> _Task brief_
Using the listing below, output only the lines from the one that contains "Melanie Backe-Hansen House" through the one that contains "Cómo preparar el pelo en verano", inclusive, exactly as given and without images.

> _Data provided_
=== Begin Enclosure ===

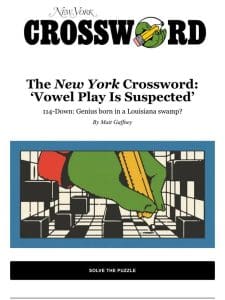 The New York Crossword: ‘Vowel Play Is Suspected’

=== End Enclosure ===
=== Begin Enclosure ===

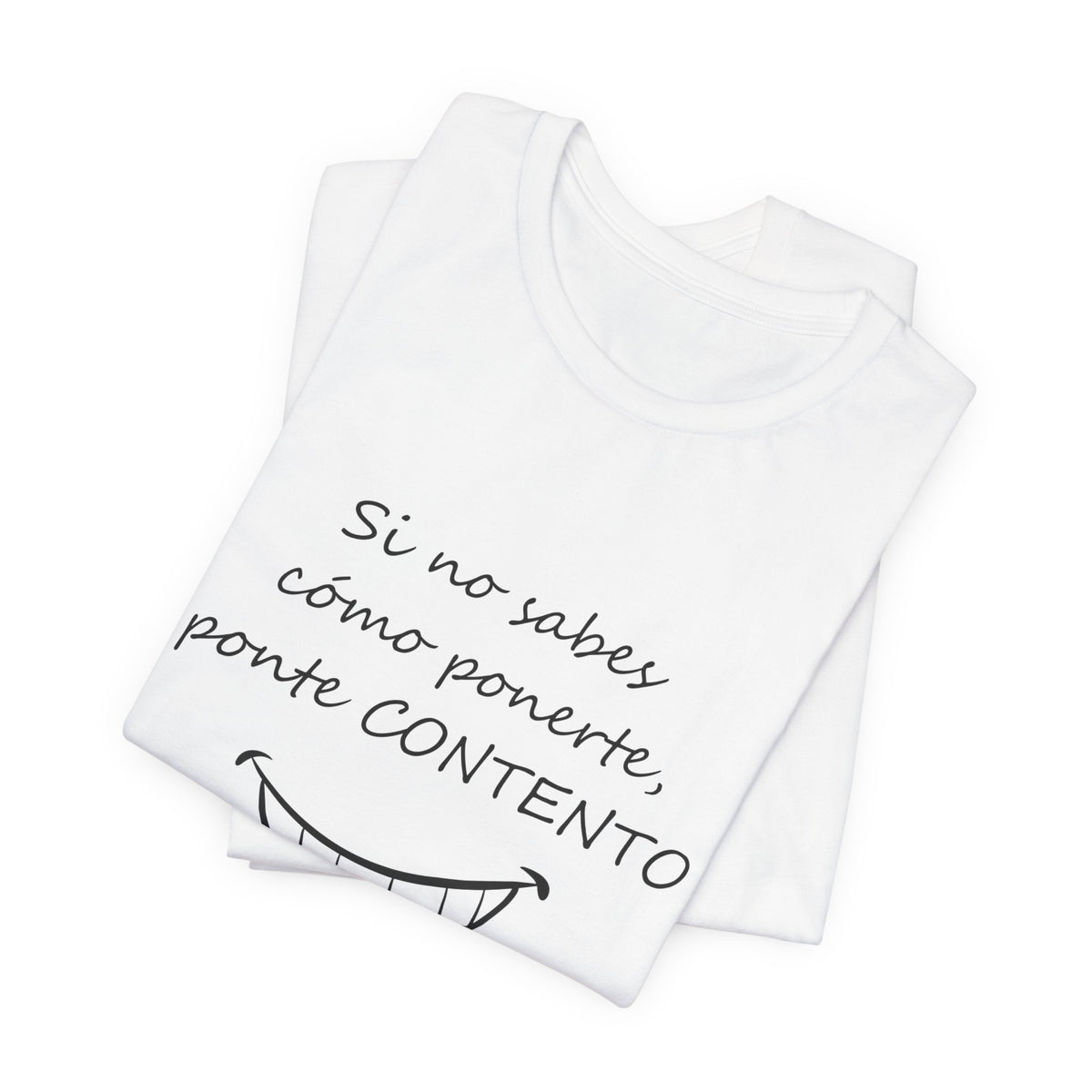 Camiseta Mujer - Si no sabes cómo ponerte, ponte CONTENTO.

=== End Enclosure ===
=== Begin Enclosure ===

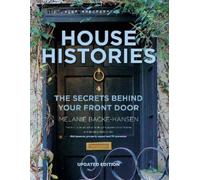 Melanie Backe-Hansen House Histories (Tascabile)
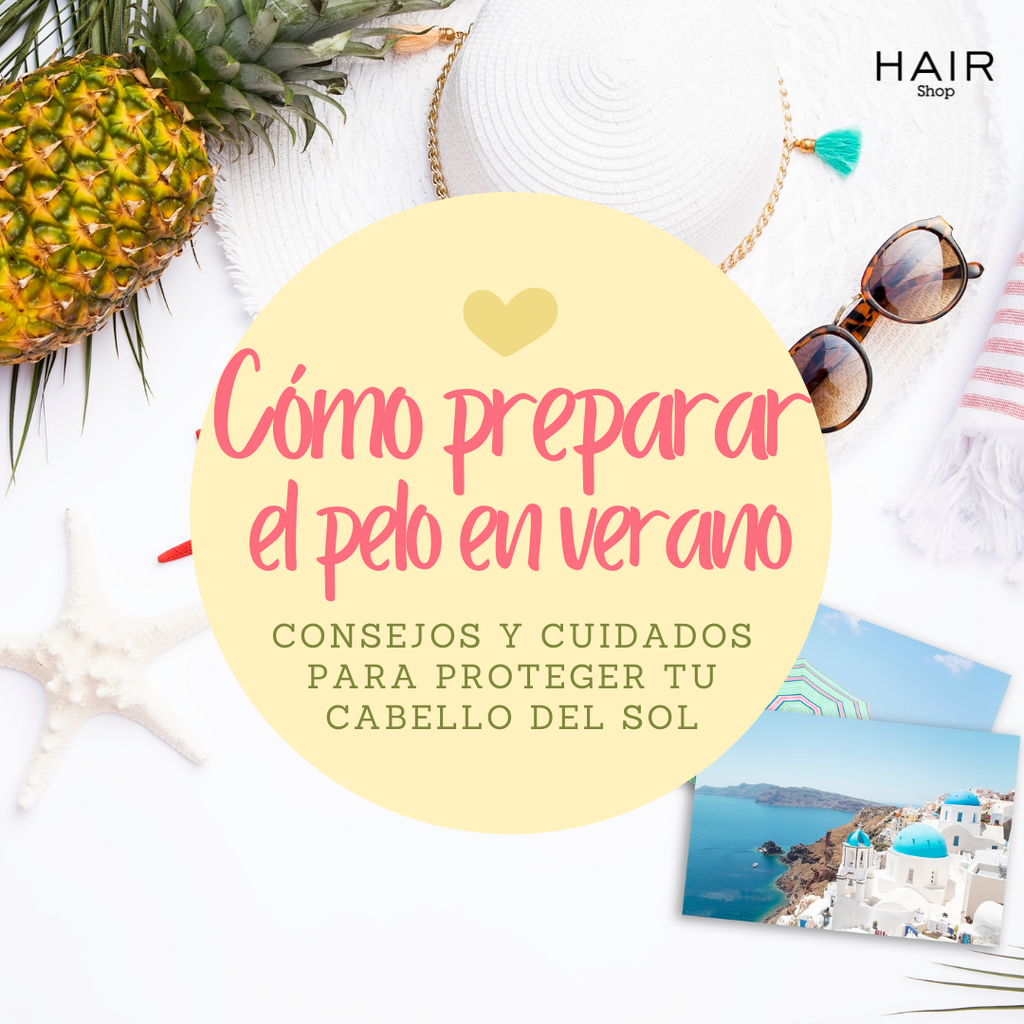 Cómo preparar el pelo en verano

=== End Enclosure ===

> _Answer to this task_
 Melanie Backe-Hansen House Histories (Tascabile)
 Cómo preparar el pelo en verano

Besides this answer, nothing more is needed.